Hudson Bay Helicopters:

Part Two
Blood on Stone

  Regretfully, we left the bears to traverse Hubbard Point. As we approached the site, Virginia rang out over the intercom, "look at those tents rings, look how big they are, they are gigantic!"

       There is no doubt that the stone tent rings were big, and, that she was excited. Not only were they big, however, they were plentiful. This had been an active hunting site for the Eskimos a thousand years ago and more.

Hubbard Point Scenic View

Steve circled the point as we squeezed off some shots. He had not landed here before, but that was not a problem. Steve merely looked over the site and then placed her down as gently as a breeze sweeping across the grass covered hillside. The plan was to drop Dan, Virginia, and myself off to start our exploration of the point. Steve would take Quentin straight up to 3-5 thousand feet over the island. From that advantage, Quentin was to take slightly off-perspective aerials from which Dan, who was also the acknowledged computer wizard, would build a 3-D model of the point's contours for the Seal River web site.
Quentin handed me the sawed off shotgun with some quick instructions for warding off the polar bears if they decided to check us out. The first two rounds were "cracker" shells that would burst with a crackling explosion to scare off any wayward bear, but the remaining rounds were for real. Slugs and BB's to knock them on their ass. I am not one to worry unduly over low probabilities so I tucked the gun into my belt and backed off slightly to get some photographs of Steve getting airborne. After Steve's helicopter had shrunk to the size of a green hornet, I headed up the hill to view the stone tent rings.

Stone Tent Rings

Virginia had already flown like a spring bee from flower to flower in her excitement to hover over the multitude of culturally rich sites. "Here is a kayak rest," she pointed out. I looked blankly at a jumble of stones.
"Where? I asked. I don't see anything."
Virginia pointed out two parallel lines of stones and the image sprung to my mind. I could envision how an Eskimo could pull a kayak up along the center of those stones and leave the kayak high and dry. The only problem was that we were 30 meters away from the shoreline and 10 meters above the high water mark. The archeologist explained that as the glaciers melted and retracted they relieved a great weight off the land. After a predictable amount of time the land would rebound and the shoreline would recede.

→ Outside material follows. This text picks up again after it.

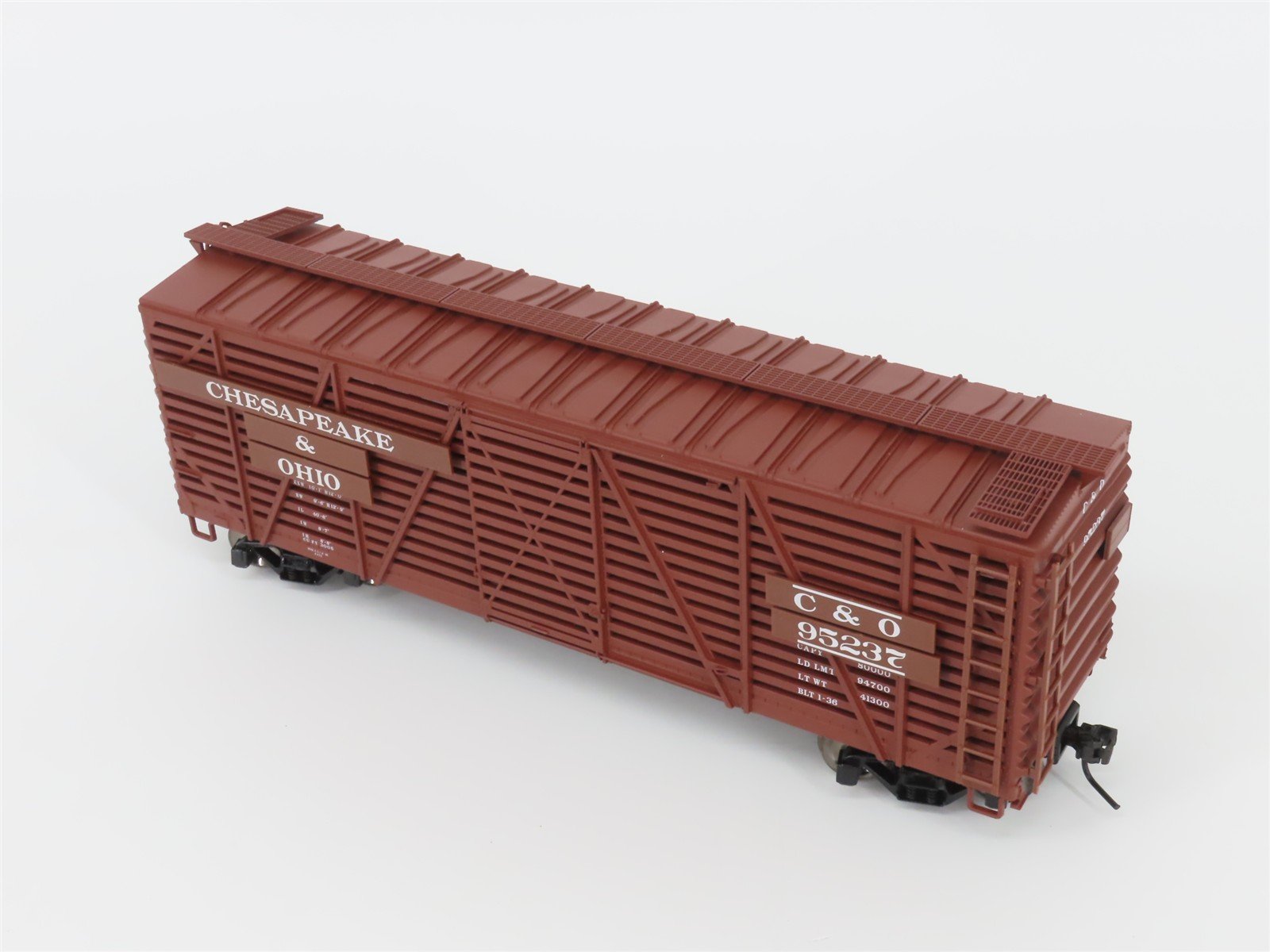 O Scale 2-Rail Atlas Trainman 0656-2 C&O Chesapeake & Ohio 40' Stock Car #95237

Thus the stone tent rings and kayak rests are now to be found at least 10 meters above the high tide mark.
In fact, Virginia had worked out the details of such a "rebound" theory and predicted that you could find evidence of camping and hunting sites at certain levels of terrain and from the elevation you could date the period the camps were inhabited.
From here we went on to closely examine the tent circles. We were mostly concerned with finding some archeological evidence, other than the most obvious stone circles, of inhabitation. Stone tools are the best find, but percussion flakes or bone fragments are acceptable. Within minutes I found a percussion flake knocked off from a piece of chert.
Chert is a flint like stone that flakes easily with the right strike pressure, and combined with a percussion point it is direct evidence of human habitation. A percussion point can only be made by deliberation. Percussion points cannot be made by an accident in nature. Thus, even if an archeologist cannot find an arrow head or a skin scraper tool, they can still find out a lot about the civilization who lived in the tents by the type and amount of man-made chert flakes found littered around the old camp sites.
At first Virginia doesn't believe me as I hold up my precious find, but after examination she concurs. Shortly after she finds herself some stone flakes and begins to fill a small zip-lock plastic bag with a series of treasures. After an hour of this she is visibly disappointed at not finding anything more. This site, however, has most likely been picked over by passing hunters and the occasional amateur archeologist to where only a proper dig could uncover more. We knew that anyway. But the stone circles were enough. They were huge, they were numerous, and they were impressive.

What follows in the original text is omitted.